### [What you need to do]
Below is a listing; repeat exactly the lines from the one containing "115 Xtronic N-Connecta" to the one containing "Toyota Hilux (2025) Double Cab", both included.
────
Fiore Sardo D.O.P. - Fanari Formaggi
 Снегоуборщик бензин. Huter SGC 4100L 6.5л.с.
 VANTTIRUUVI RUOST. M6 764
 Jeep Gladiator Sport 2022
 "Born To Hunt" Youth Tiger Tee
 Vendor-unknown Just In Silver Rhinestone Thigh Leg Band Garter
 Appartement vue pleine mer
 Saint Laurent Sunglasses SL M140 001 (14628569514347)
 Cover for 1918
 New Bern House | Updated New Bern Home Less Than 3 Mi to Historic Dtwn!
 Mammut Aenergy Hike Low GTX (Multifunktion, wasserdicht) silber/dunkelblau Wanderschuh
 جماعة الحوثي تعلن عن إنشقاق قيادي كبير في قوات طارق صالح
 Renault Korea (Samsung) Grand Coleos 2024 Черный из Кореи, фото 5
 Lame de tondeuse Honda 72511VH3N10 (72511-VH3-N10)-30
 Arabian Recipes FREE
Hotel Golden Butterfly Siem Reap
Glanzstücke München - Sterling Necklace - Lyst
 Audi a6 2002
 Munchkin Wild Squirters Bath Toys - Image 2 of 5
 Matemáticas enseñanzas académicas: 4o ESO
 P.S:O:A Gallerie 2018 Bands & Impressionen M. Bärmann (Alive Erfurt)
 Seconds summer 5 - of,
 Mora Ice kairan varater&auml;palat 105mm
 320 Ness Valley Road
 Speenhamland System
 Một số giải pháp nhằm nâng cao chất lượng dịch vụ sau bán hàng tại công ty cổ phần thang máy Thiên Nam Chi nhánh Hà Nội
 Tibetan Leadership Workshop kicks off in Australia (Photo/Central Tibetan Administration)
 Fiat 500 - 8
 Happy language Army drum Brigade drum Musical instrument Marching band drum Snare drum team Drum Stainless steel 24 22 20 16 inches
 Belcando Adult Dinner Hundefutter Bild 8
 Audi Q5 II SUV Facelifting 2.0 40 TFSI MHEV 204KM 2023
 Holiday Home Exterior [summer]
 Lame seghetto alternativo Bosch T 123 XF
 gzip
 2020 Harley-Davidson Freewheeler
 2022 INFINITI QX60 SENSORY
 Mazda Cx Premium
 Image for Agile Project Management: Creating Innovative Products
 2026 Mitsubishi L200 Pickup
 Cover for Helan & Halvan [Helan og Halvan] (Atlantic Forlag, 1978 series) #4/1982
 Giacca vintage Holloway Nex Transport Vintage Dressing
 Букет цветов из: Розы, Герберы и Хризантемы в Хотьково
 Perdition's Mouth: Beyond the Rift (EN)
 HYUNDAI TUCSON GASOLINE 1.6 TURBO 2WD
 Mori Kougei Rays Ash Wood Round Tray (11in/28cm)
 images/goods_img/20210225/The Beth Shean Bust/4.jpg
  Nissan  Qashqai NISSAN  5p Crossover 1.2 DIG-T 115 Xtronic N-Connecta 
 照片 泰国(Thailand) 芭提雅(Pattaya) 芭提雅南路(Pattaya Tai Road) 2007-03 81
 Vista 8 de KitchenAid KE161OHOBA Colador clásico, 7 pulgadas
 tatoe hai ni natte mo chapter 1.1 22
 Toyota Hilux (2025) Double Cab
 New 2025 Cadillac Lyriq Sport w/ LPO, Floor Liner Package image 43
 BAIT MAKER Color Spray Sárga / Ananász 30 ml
────
### [Solution for this exercise]
  Nissan  Qashqai NISSAN  5p Crossover 1.2 DIG-T 115 Xtronic N-Connecta 
 照片 泰国(Thailand) 芭提雅(Pattaya) 芭提雅南路(Pattaya Tai Road) 2007-03 81
 Vista 8 de KitchenAid KE161OHOBA Colador clásico, 7 pulgadas
 tatoe hai ni natte mo chapter 1.1 22
 Toyota Hilux (2025) Double Cab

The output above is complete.